De acordo com Maia, já houve uma sinalização positiva do sindicato patronal e é provável que a nova Convenção Coletiva de Trabalho, referente ao período de 2019/2020 no Estado de São Paulo, conte com a cláusula atualizada e inclua essa recomendação para eventuais próximos casos.
O Grupo Abril, por sua vez, afirmou ao Centro Knight por meio de comunicado que as empresas do grupo estão submetidas “aos efeitos e limitações impostas pela Lei 11.101/2005, especialmente com relação às obrigações anteriores ao pedido de recuperação judicial”.
“Os efeitos impostos pela legislação que regulamenta a recuperação judicial não são opcionais, e seu cumprimento e observância pelo Grupo Abril devem ser totais”, afirmou o comunicado. O Grupo Abril afirmou também que Rizek “vem sendo representado e defendido nos últimos 16 anos em todos os processos porventura ajuizados contra si, totalmente às expensas do Grupo Abril, de forma diligente e responsável”.
“Os efeitos da recuperação judicial sobre os processos judiciais envolvendo o Sr. André Rizek tornaram o caso complexo e atípico, sendo certo que o Grupo Abril vem estudando possíveis medidas junto ao juízo da recuperação judicial para suspender as cobranças que vem sendo atualmente realizadas contra o jornalista, e continua empenhado em encontrar soluções para o bom desfecho deste caso”, afirmou a empresa.
A companhia também disse que “o eventual direito de reembolso de partes que são devedores conjuntos com o grupo Abril será tratado no plano de recuperação judicial, e deverá ser confirmado por decisão do juízo da recuperação judicial”, o que deve acontecer ao longo de agosto de 2019.

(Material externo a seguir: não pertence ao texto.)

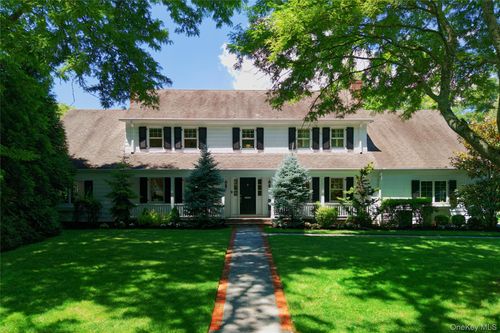 77 Brookside Drive, North Hempstead, NY, 11030 | Card Image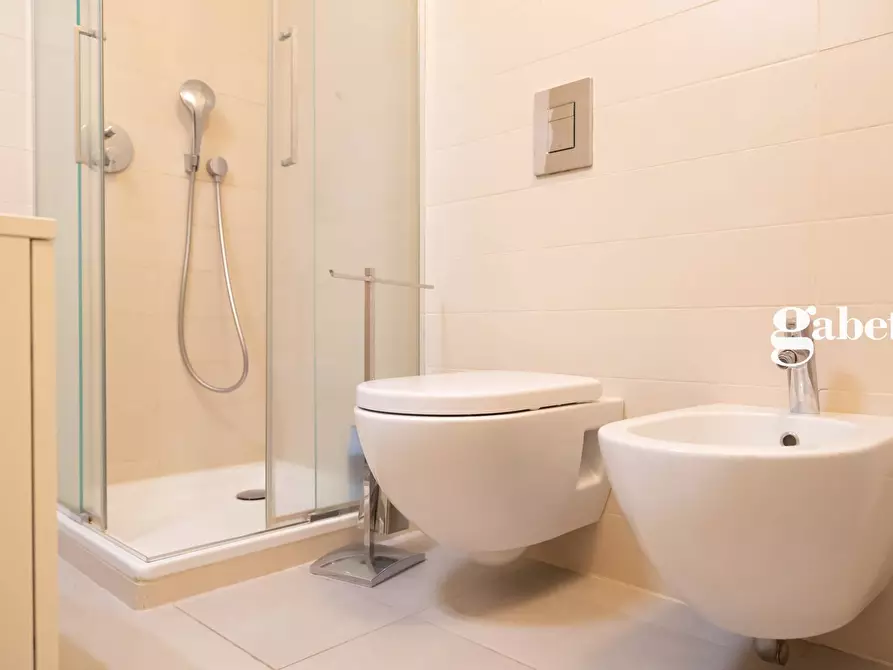 Immagine 39 di Appartamento in vendita  in Via Spinola 8 a Milano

O Centro Knight perguntou à Abril se há outros jornalistas que são corréus com a empresa em processos relacionados a reportagens veiculadas em publicações da editora e que podem se ver na mesma situação de Rizek em um futuro próximo. “A Abril historicamente vence a esmagadora maioria de casos judiciais sobre matérias publicadas, e o desenrolar do processo de recuperação judicial permitirá a solução dos casos pendentes”, respondeu a empresa. O Centro Knight entrou em contato com o jornalista André Rizek, mas ele não quis comentar o caso.